よほどつまらないんだろうなあと思う。惹句にはふり向くが、その先にはアプローチしない。開いても「そっ閉じ」。知ってるさ、それくらい。私だってそうだもの。みんな忙しい。誰もかれも人の言葉にじっくり耳を傾ける余裕がないんだ。しかし要は、好みに合わないのさ。あるいは、水準に達してないんだ。

政治的であるかどうか、政治性を帯びているかどうかを尺度に置いてしまうと、「好みの政治的声明をしているアーチストはオッケー=そうでない連中はゴミ」になりかねない。SNSの一部で政治性の有無で値踏みする傾向があるのをみるたび、ちょっと間口狭すぎなんでは、と感じることがある。まあ、人それぞれ、なんだけど。

 

「自称ミュージシャン」問題について

ミュージシャンが「◯◯反対!!」とかSNSで啓蒙活動をしたり、外で街宣をしたりする。でも、はたしてそれで人気が出たり音が良くなったりするんですかね?

と投稿した人について「聞いてみたらたいしたことない音楽家だ」とのクスクス笑いを方々にみてね、私、そこはちょっと彼に同情したな。

自分の過去音源を配信することのおっかなさはじつにそこなんだよね。私だって「イワシさんいつも偉そーなことツイートしてるけど肝心の音楽つまんねーもんな」と言われるのが怖いもんな。だから件のミュージシャン氏についても言及するの躊躇しちゃう。たぶん私、(そして彼も)臆病なんだと思う。自信がないんだよ。

でも、私程度の音楽性でも世界中に配信できるんだから結構な時代だと思うよ。大量のデモにうんざりしている担当者から辛い批評を言われずにも済むしさ。みんなも押入れに眠っている自分の過去音源をアーカイヴして発表すればいいよ。私ができるんだもの、誰にだってできるさ! 

話を戻すと。

彼の考え方には多分に問題あるけど、年齢やら自撮りやらまでを揶揄う必要はないんじゃないか、と彼と同じ「自称ミュージシャン」の私は思っちゃいますね。

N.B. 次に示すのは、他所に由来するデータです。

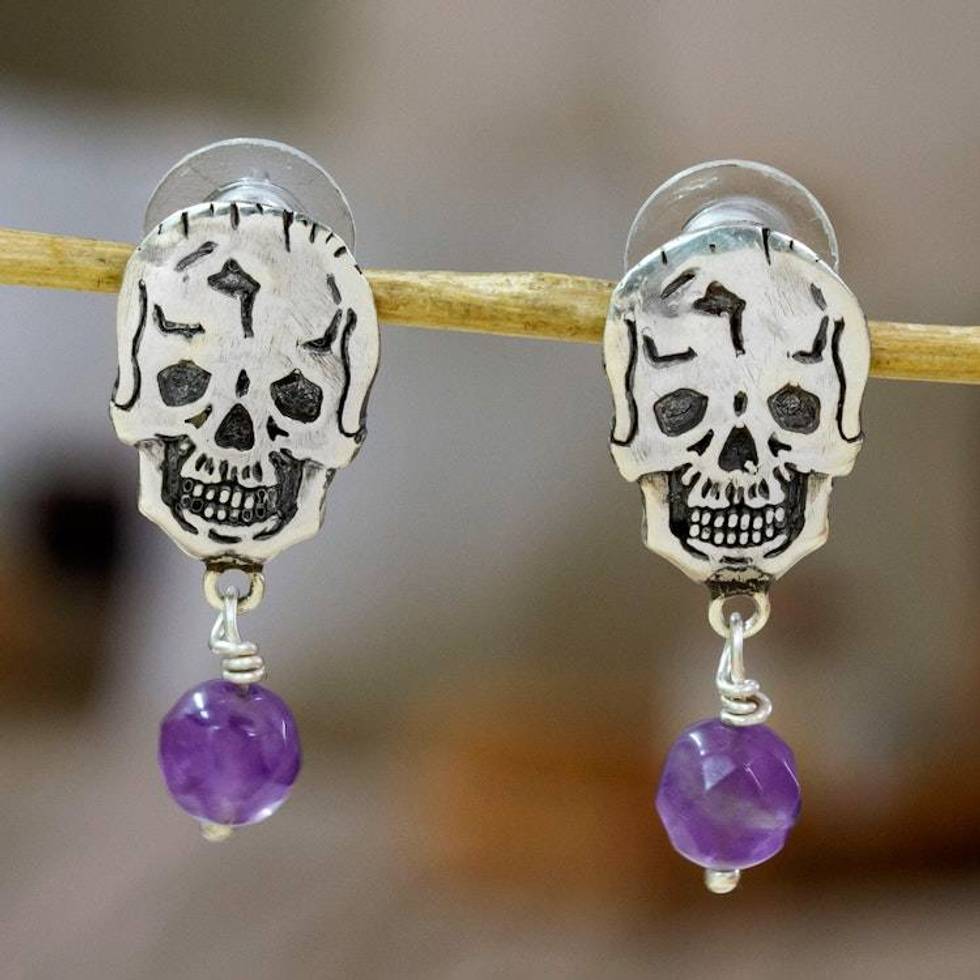 Agate and Amethyst Skull Dangle Earrings from Mexico 'Transition'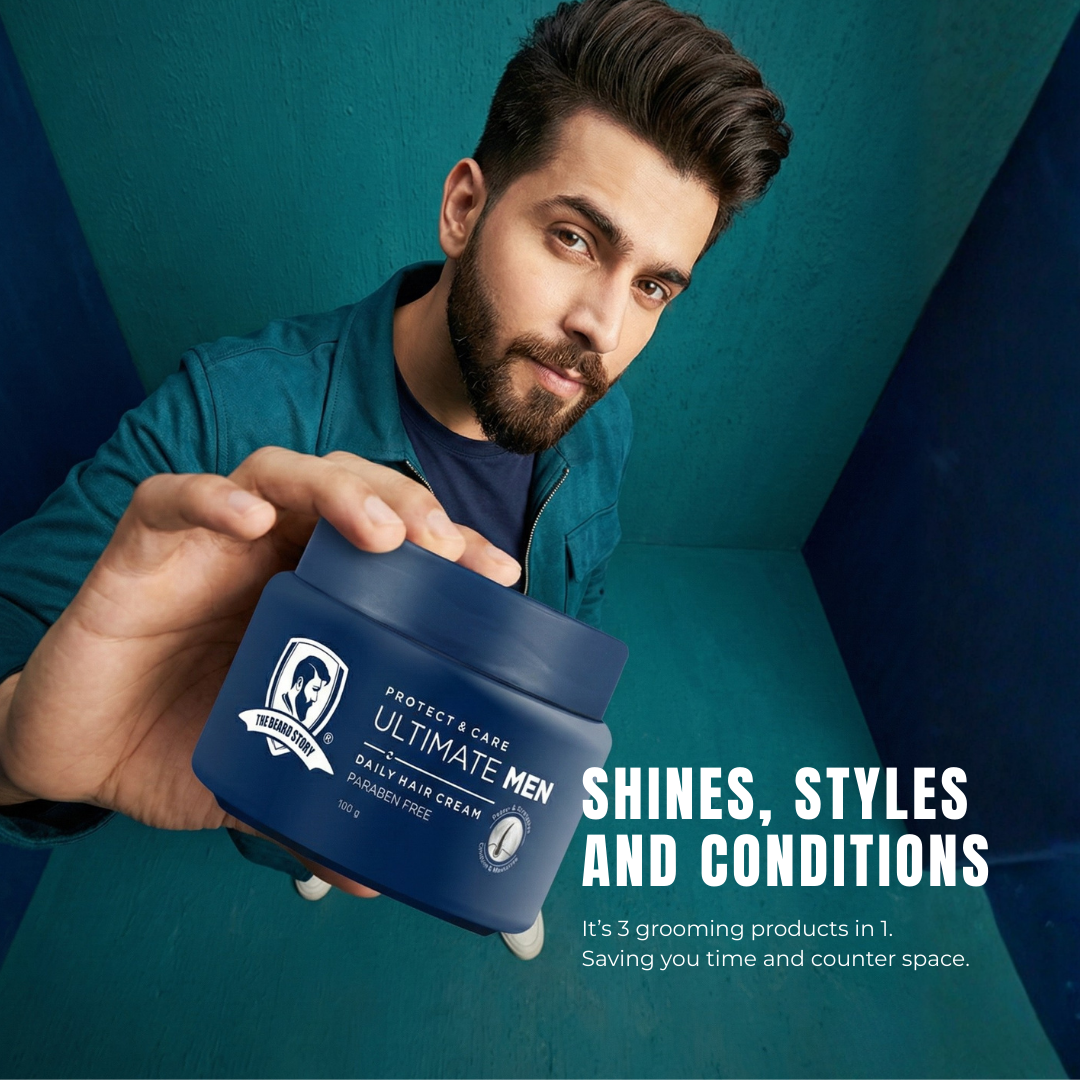Hair Protect Cream | For Men | For Dry & Rough Hair | UV protection | Vitamin E & Argan Oil | 100gm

いや、実際の私はロートルの事務員なんだけど、グーグル検索すると、岩下啓亮 Sardineは「音楽家」と表示されているんだ。自称ではなく。ネット社会では、いとも簡単に「なろう」になれちゃう。

 

「自作の解説ほど退屈なものはない」問題

Xの鰯さんは政治や社会問題がもっぱらで、ポストすればそれなりに反響あるけど、音楽の話題となるとさっぱり無反応だ。ましてや配信しだしたら、そのことばかり宣伝しているように見えると思う。だから控えめに書いていた。そもそも自分の作品を解説することが、言い訳みたいで、潔くない気がしていた。

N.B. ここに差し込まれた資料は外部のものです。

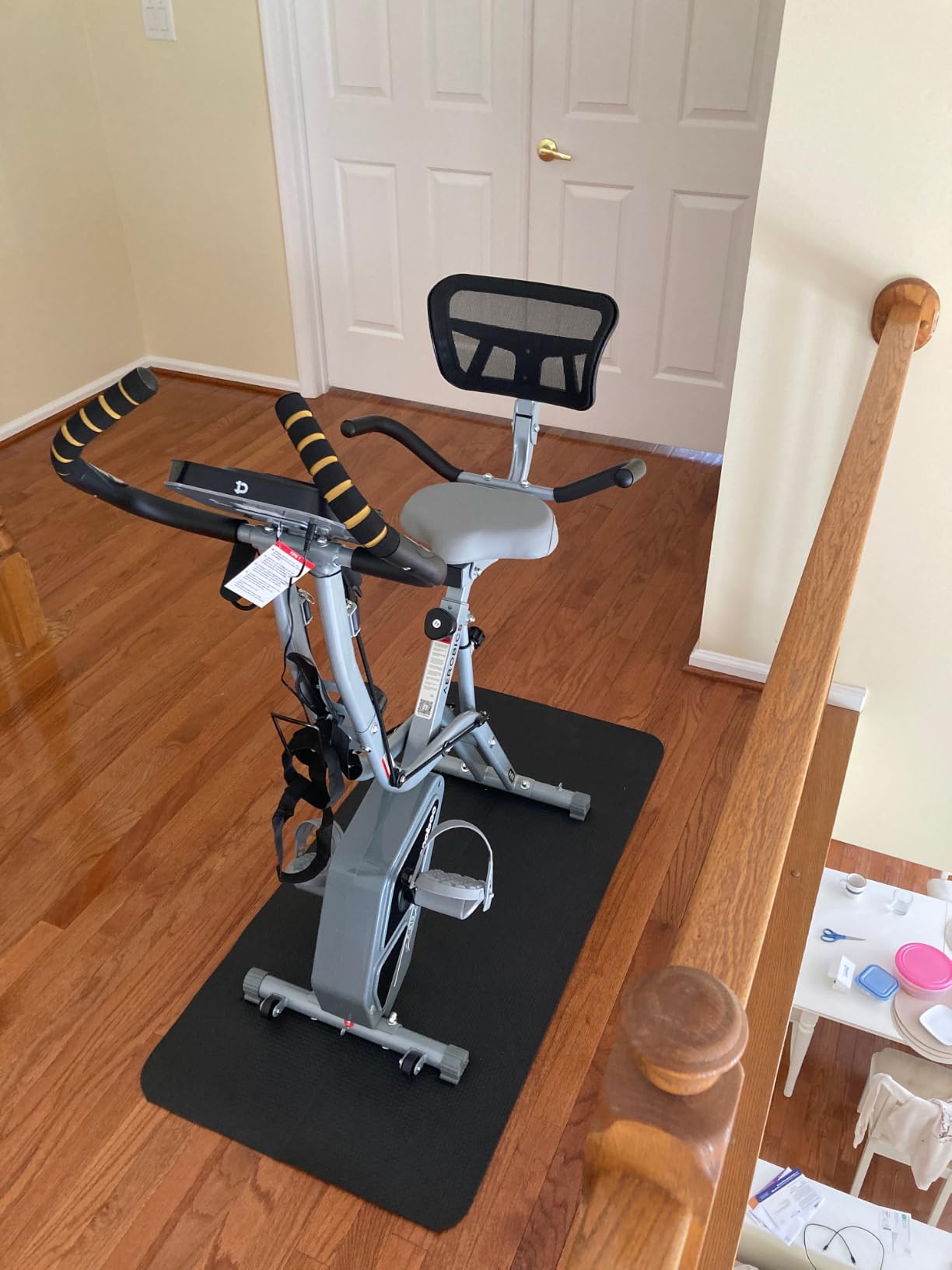 pooboo Folding Magnetic X-Bike, Upright Exercise Bike for Home Gym | Foldable Indoor Stationary Cycling Bike, 8-Level Resistance, 6.6 LBS Flywheel, 300 LB Capacity, Back Support Cushion customer photo 2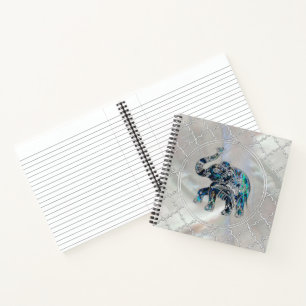 Silver Framed Elephant op Abalone en Pearl Notitieboek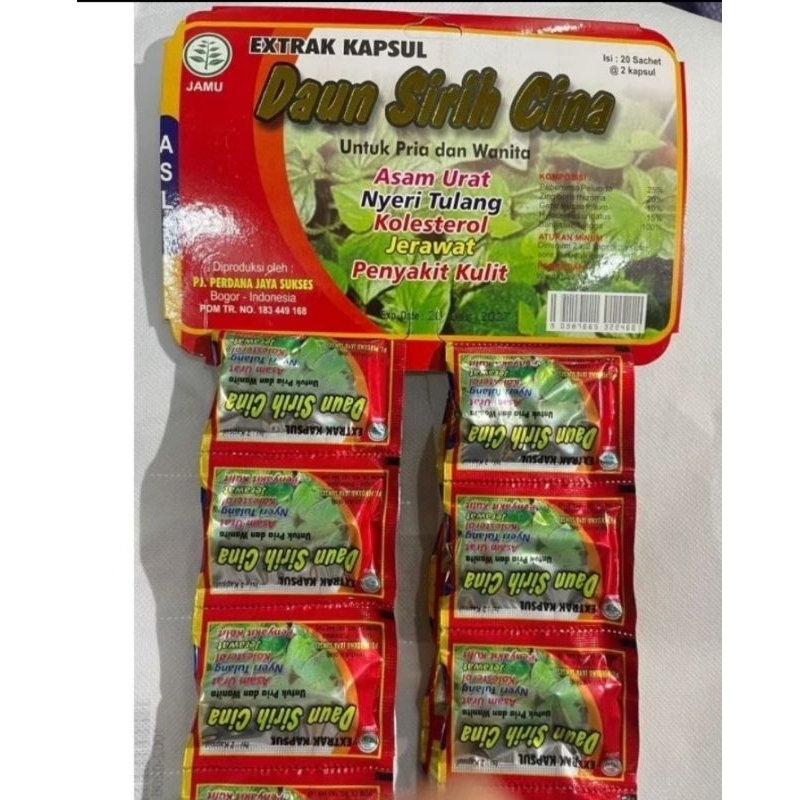 Daun Sirih Cina kapsul isi 10 Sachet 20 Kapsul
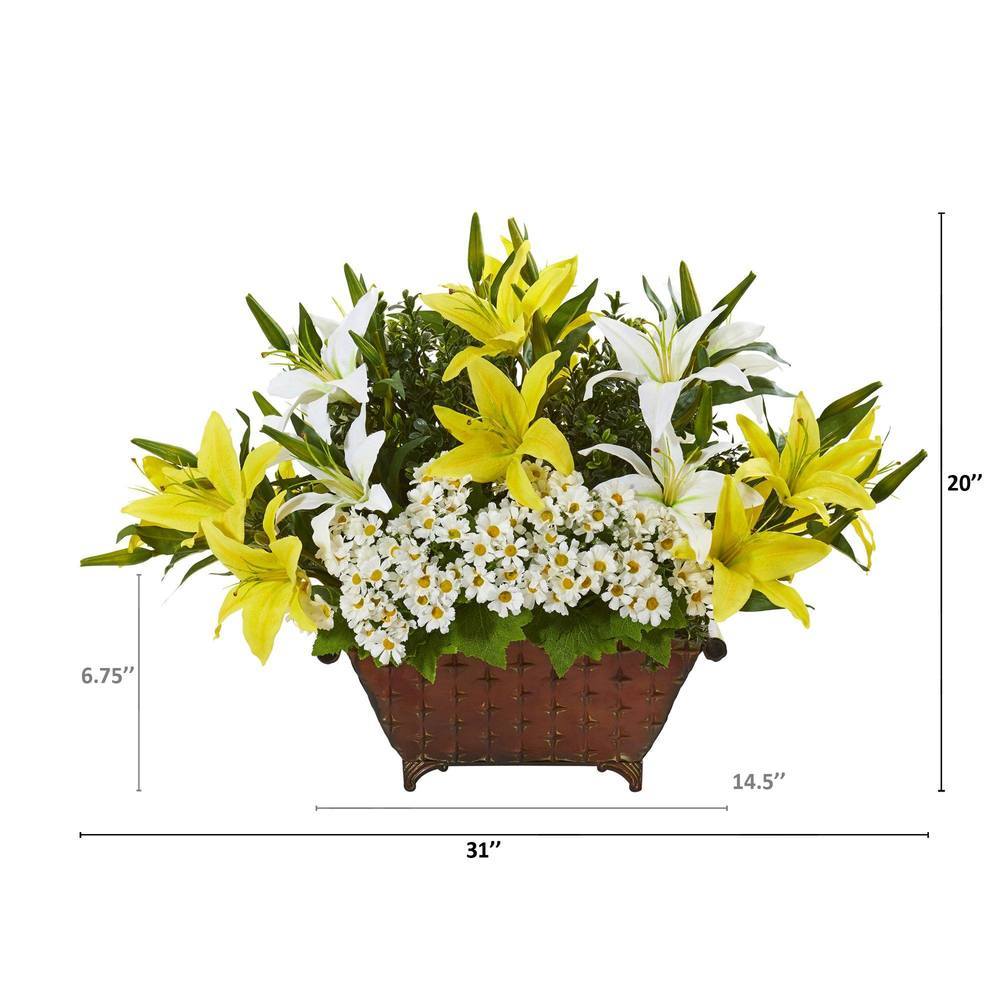 20" Lilly and Daisy Artificial Arrangement in Metal Planter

楽家と音楽評論との関係性が、最近よく話題に上っている。私はずっとツイッターで音楽の良し悪しを無責任に書いてきたけど、自分が発表する側に回ったら、他人の作品を批評する気持ちがすっかり失せた。それは保身かもしれない。自分の作品が痛烈に批判されることを用心しているからかもしれない。

批評は活発に行われるべきだし、作品に虚飾や不備不足や剽窃があれば容赦なく指摘するべきだと思う。ただ、その批評眼がナマクラで的外れな場合には、批評そのものが批判の対象になるだろう。アーチストが牙を剥くこともあるのだ。なぜならインターネット社会の建前は双方向性なのだから。

有名無名の垣根を飛び越えられるのがSNSの最もおもしろいところだと思っていたのだが、どうやら人間は、しばらく経てば自然とヒエラルキーを構築していく性質があるようだ。今のXは有名アカウントの意見を尊び、無名のそれをしりぞける風潮が形成されている。
あれっ? 私はいったい何を話そうとしてたんだっけ。

そうだ、「自作の解説ほど退屈なものはない」が長年培った価値観の一つだった、ということを書いていたんだった。
私は「音楽はそれ自体がすべてを語る」として、たとえ「自称」アーチストであろうと、いったん発表した自分の作品を過剰に説明するのはよくないことだと思いこんでいたんだ。

けれども事ここにいたって、よほどの一流以外は「自己宣伝を怠ることなかれ」がデフォルトとなっている。臆面もなく自分語りできることが今や必須となっている。誠実に、よい作品をコツコツと作るだけは、今や美徳ではなく怠慢とみなされる。自分を売りこむことができない者は、本気じゃないと判断される。自己宣伝に長けたヤツが勝利をつかむ。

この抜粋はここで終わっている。